JnJ faulty hip implants case: CIC directs RTI disclosure of records
New Delhi: A Johnson and Johnson subsidiary caught in a controversy over faulty hip replacement systems has opposed RTI disclosure of crucial documents it submitted to the country’s drug regulator for seeking import clearance for these devices, the Central Information Commission (CIC) has said.
The commission, however, said it has found no impediment in directing disclosure of these compliance documents.
Among the records whose disclosure the DePuy Medical Private Limited, the Johnson and Johnson subsidiary, has opposed was an indemnity clause, said Mukesh Jain, the RTI applicant who had sought the information from Central Drugs Standard Control Organisation (CDSCO).
The indemnity clause makes companies liable for compensation to patients globally in case equipment are found faulty.
The CDSCO, the drug regulator, did not apply the RTI clause of “larger public interest” to provide the documents, Jain said.
Instead, he said, it sought the consent of DePuy Medical Private Limited applying the “third party” clause of the Act and the company rejected the request.

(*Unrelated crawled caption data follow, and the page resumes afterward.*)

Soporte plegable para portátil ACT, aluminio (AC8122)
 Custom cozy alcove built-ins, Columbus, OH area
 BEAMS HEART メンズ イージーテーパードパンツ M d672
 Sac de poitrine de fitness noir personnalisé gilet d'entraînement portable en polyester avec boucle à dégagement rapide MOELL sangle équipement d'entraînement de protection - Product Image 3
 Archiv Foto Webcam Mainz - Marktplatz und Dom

The company claimed that the information sought attracts exemption clauses of the RTI Act related to commercial confidence.
Even exempted information can be furnished by a public authority if it finds that the disclosure is in larger public interest, according to the RTI Act.

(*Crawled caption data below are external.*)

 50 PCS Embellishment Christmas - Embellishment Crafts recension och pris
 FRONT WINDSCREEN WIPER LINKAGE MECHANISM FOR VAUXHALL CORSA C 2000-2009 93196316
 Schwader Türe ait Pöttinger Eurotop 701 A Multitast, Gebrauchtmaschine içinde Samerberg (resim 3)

When the matter came before the Central Information Commission, the top appellate authority on RTI matters in the country, the objections raised by DePuy were rejected by Information Commissioner Yashovardhan Azad, who heard the matter.
Through his RTI application, Jain had sought documents submitted by DePuy Medical Private Limited Ltd, a subsidiary of Johnson and Johnson, for import and marketing clearance of “ASR XL Acetabular System” and “DePuy ASR Hip Resurfacing system” manufactured by DePuy International Ltd.
These replacements were marketed by Johnson and Johnson.
When the matter was challenged by Jain, a pharmacist himself, before the CIC, the CDSCO tried to justify its stand, saying these medical implants manufactured by foreign firms are imported and marketed by Johnson and Johnson Ltd.
Accordingly, the manufacturer and marketing company Johnson and Johnson sign various agreements including the Power of Attorney by which the onus and responsibility of marketing the product and consequences thereof accrue on the marketing company, the CDSCO officials argued.
Jain challenged the contention of the CDSCO, saying the matter pertains to a large number of patients who had to suffer because of faulty products which were recalled by the United States.
On being tested and found defective these implants have been banned from usage worldwide. But patients, mostly senior citizens in India, are being freely recommended and implanted with these allegedly cancer-causing devices with far-reaching complications, Information Commissioner noted in the order, citing Jain’s submissions.
Azad said none of the documents submitted by the CDSCO contains information of commercial confidence, trade secrets or intellectual property of the Drug manufacturer — DePuy International.
“Neither the company nor the respondent has made out a case as to which portion of these documents contain such information disclosure whereof is likely to adversely affect the competitive position of the company- the third party in question,” he said.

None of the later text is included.